Games or other carefully tuned programs that carefully lay out data in memory may not be much affected I guess.

Why do both of these feature only the physics benchmark? The second link illustrates that Intel still wins in single core performance.

I don't think there's any question that Intel will win in single-thread performance. AMD has never stated the opposite. They will, though, manage to deliver much more cores despite only being a tiny bit behind in single-core, which is a very big difference from e.g. Bulldozer.

Yeah, Intel will remain the single-thread king. But I feel like intel have backed themselves into a corner here.

The main reason intel is getting better single-thread performance is the higher clock speeds. I think the graphs even suggest that zen is getting higher IPC.

I really doubt Intel can push the clock speeds much higher. Intel really need to find more IPC somewhere, otherwise future versions of Ryzen (Zen+, Zen++) will overtake the intel chips as AMD refine the Zen design to improve IPC and improve clock speeds at the same time.

Intel wins on single thread… on the desktop line (4 cores max). Summit Ridge is competing against the overpriced "enthusiast" lineup (Haswell-E/Broadwell-E), which doesn't clock nearly as high as Skylake/Kaby Lake.

personally hoping for ECC support on the AMD consumer chips, because Xeon pricing right now is just a total and utter ripoff. For the growing in-memory database world this would be huge.

Link points at something else. Even the edited link below..

Groxx has the correct link

And consumes twice less WATs!

AMD really needs to start competing on price. Match Intel and Nvidia performance, at 75% TCO.

Given early benchmarks are showing that the Ryzen 7 1700X ($390) is performing similarly to the Intel Core i7-6900K ($1050), they definitely are going in that direction.


If that's true they are vastly under cutting the market and I do see these cheap prices staying for the next gen.

I could be AMD trying to steal market share.

Which is what they need to do. They need a "rapid" increase in both market share and relevance, and the two are tied together. They can delay making a lot of profits until later. But it looks like AMD's architecture is significantly more cost-effective than Intel's, so even if they have to sell the chips at "only" 70% of Intel's price later on, for the same performance, they could still make significant profit on those chips.

I think they could carve out a niche by being the chip maker that produces a trustworthy computing environment that supports blob-free computing without the equivalent of Intel Management Engine.

That plus your point about TCO could be a nice way of competing with Intel.

That's not a big enough niche to pay for fabs.

AMD are also pushing their custom fabrication. I believe all the current gaming consoles use custom AMD chips.

Although I'm sure there is little profit in that business model, but it would keep the workers busy.

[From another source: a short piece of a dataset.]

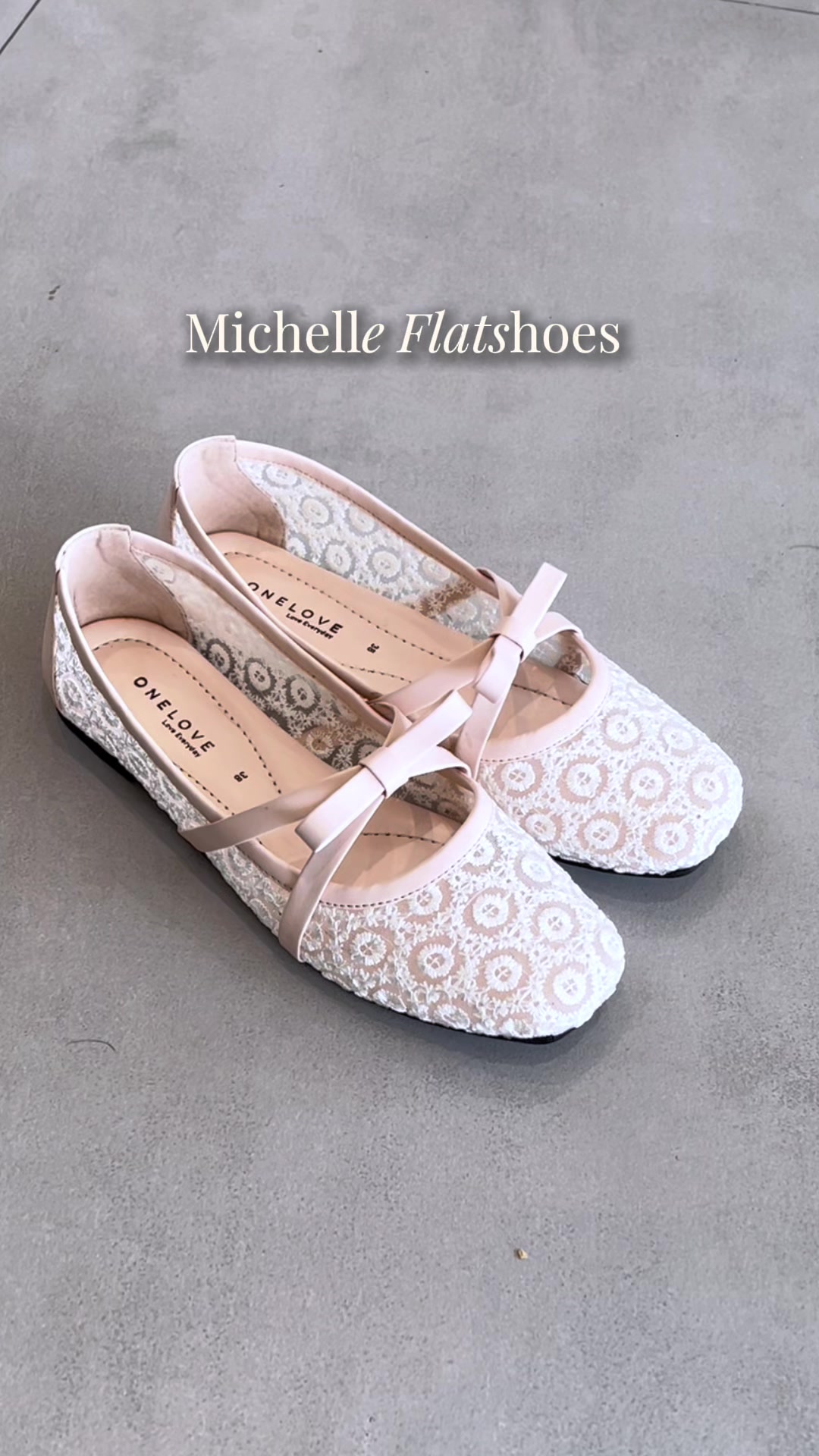 @One Love Women Shoes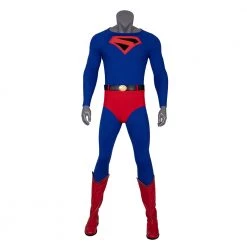 2020 Superman Returns Clark Kent Cosplay Costume -Game Costumes Sales COS 012 05 58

AMD has their own thing called TrustZone[1].

If you read past the marketing speak it is made to allow software to run without the user being able to poke at it. I assume this is for DRM, but who knows what is running there.

[1] https://www.amd.com/en-us/innovations/software-technologies/...

Yes indeed. The current landscape (at least as I glean from the Core Boot people) is that AMD is at least as bad if not worse than Intel.

Isn't this essentially the direction they're going? They've been very friendly to open source lately and there new processors and graphics cards are hitting the 75% TCO.

That's pretty much what they do.

What do you mean by "start"? They already do so and their FX CPUs are cheaper than equivalently performing Ibtel CPUs.

This is exactly what AMD has done for the past decade on their CPUs.